Robert Ashcroft, Chief Executive, PRS for Music: “It is perhaps unsurprising considering the unprecedented level of lobbying and the comprehensive campaign of misinformation which has accompanied this vote that MEPs want more time to consider the proposals. The vote showed that many MEPs across the various European political parties understand the importance of fixing the transfer of value and of a well-functioning market for copyright. We appreciate their support and hope that as we move forward to the Plenary debate in September, more MEPs will recognise the unique opportunity to secure the EU’s creative industries.

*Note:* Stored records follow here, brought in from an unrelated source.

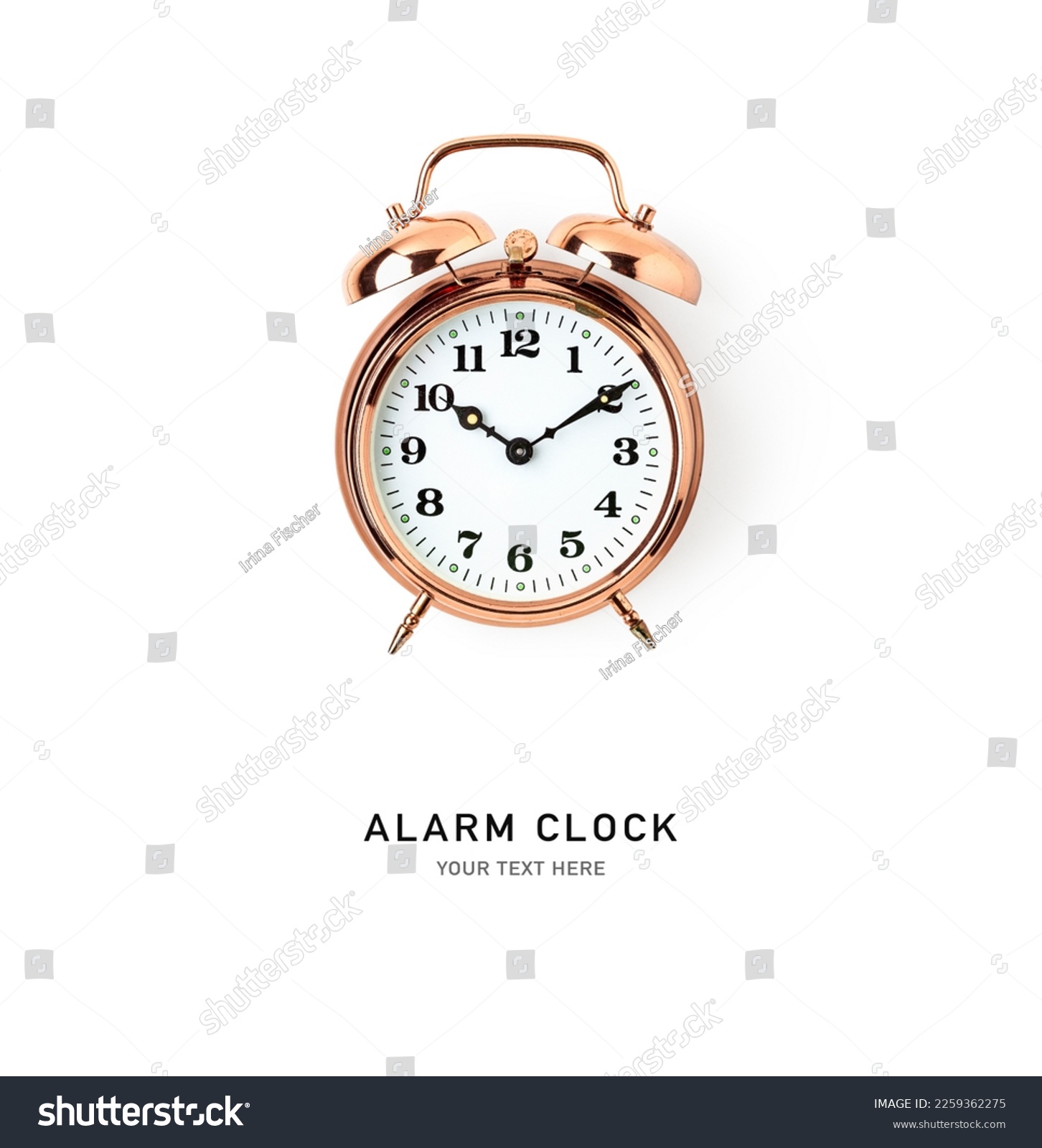 Vintage copper alarm clock. Single object isolated on white background. Creative layout. Design element. Flat lay, top view
 #2259362275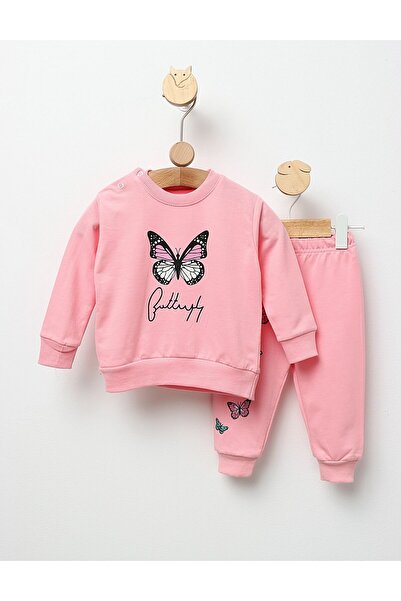 MiniKids Compleu Butterfly model cu roz 86 (12-18 luni)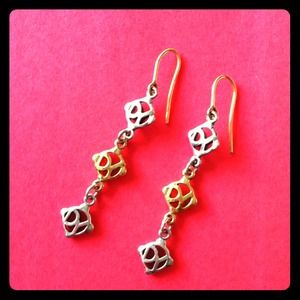 David Yurman Gold & Silver DY Logo Earrings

“From the outset our primary focus of this legislation has been concerned with whether or not the internet functions as a fair and efficient marketplace – and currently, for artists and authors, it doesn’t. They want their creative works to be heard, they embrace technology, but they want to be paid fairly. We will continue to fight for what we believe is their freedom and a fair use of their creative works.”

Geoff Taylor, Chief Executive BPI & BRIT Awards, said: 

We respect the decision by MEPs to have a plenary discussion on the draft Copyright Directive.  We will work with MEPs over the next weeks to explain how the proposed Directive will benefit not just European creativity, but also internet users and the technology sector.”

David El Sayegh, SACEM’s Secretary General, comments:

“This vote is a set-back but it is not the end. SACEM remains dedicated to ensuring that creators are recognised and remunerated for the value of their work.

“We will not be discouraged by today’s decision and will continue to mobilise the support of musicians and music lovers across the world, in the hopes of reaching a fair agreement with these platforms that will safeguard the future of the music industry.

“We are confident that the European Parliament will eventually support a framework that fully acknowledges the rights of creators in the digital landscape of the 21st century.”

Helen Smith, IMPALA Executive Chair commented:
"The result underlines that although many parliamentarians were satisfied, others were simply not ready to decide. It is like a second reading. This will take place in September.

The process continues a long and detailed review of the proposed new rules, following a positive vote of the legal affairs committee two weeks ago, taking into account the conclusions of 4 other committees. This vote was challenged, putting parliamentarians in a situation where they had just two weeks to reach a conclusion.

"Today’s decision means there will be another debate. We are confident that in September the Parliament will reach a conclusion and secure a fair and sustainable internet. Platforms facilitate a unique relationship between artists and fans, and copyright reform should help rebalance the licensing framework around this."

In the run up to the vote, parliamentarians and citizens were subjected to a disinformation campaign on a scale rarely seen before. There have also been attempts to manipulate the press, and threats of public shaming if parliamentarians didn’t vote against, on top of longer term campaigns to influence academics

Helen Smith added: "Copyright aside, the hijacking of the process raises fundamental questions about how incumbent platforms and supposedly objective operators abuse their position. It underlines the need for greater transparency and scrutiny, especially with actors who have huge potential to influence public opinion and are not shy about using it."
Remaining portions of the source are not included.